Monday, 21 July 2014

My French Life is a lighthearted look at, you guessed it, living in France.



BREAD HEAD

The bakers' (100 short yards from my door), is intent on staying open, in the face of enormous supermarket competition.  Yesterday, a man-sized blackboard, perched intrusively on the cobbled step just outside the entrance, announced the latest cunning offer:


3 cormillonnes achetées 1 offerte!




I slipped past, greeting my warmly dressed fellow customers, noting their various reactions to my shorts and tee-shirt, taking their scepticism of my suspect pronunciation on the chin, and prepared to ask for two of these crusty, grainy, wholesome baguettes.  How was it that I ended up coming out with four?  Outside the shop, having wished everyone a pleasant day, I wondered whether I had finally lost my marbles, and, more usefully, whether I had any butter in the house.

On the way back home, I re-enacted the conversation, deciding that the baker's wife, with her Alan Sugar eyes, was to blame for the bready bulge under my arm.  Never mind, I would freeze two and  bake them (inevitably to a crisp) when required, in the blast furnace that passes for my oven. Smoke rose alluringly in my worn-out imagination.

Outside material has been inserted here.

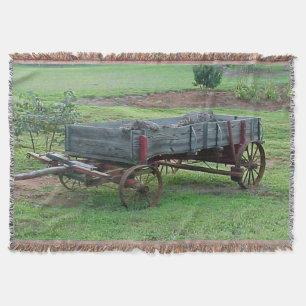 Old Country Wagon on a Blanket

The baker is laughing - ha!  Sales are up - early retirement beckons.  

But what of his gullible, stodged-up customer?

Easy.  Next day, I send my husband, who is immune to special offers.  He comes back with the requisite number of baguettes, plus a selection of cakes and pastries.

Doh, and doughnuts! 







'Four baguettes!'

1 comment:

  1. Haha, the wily ways of the French boulanger :) Love it!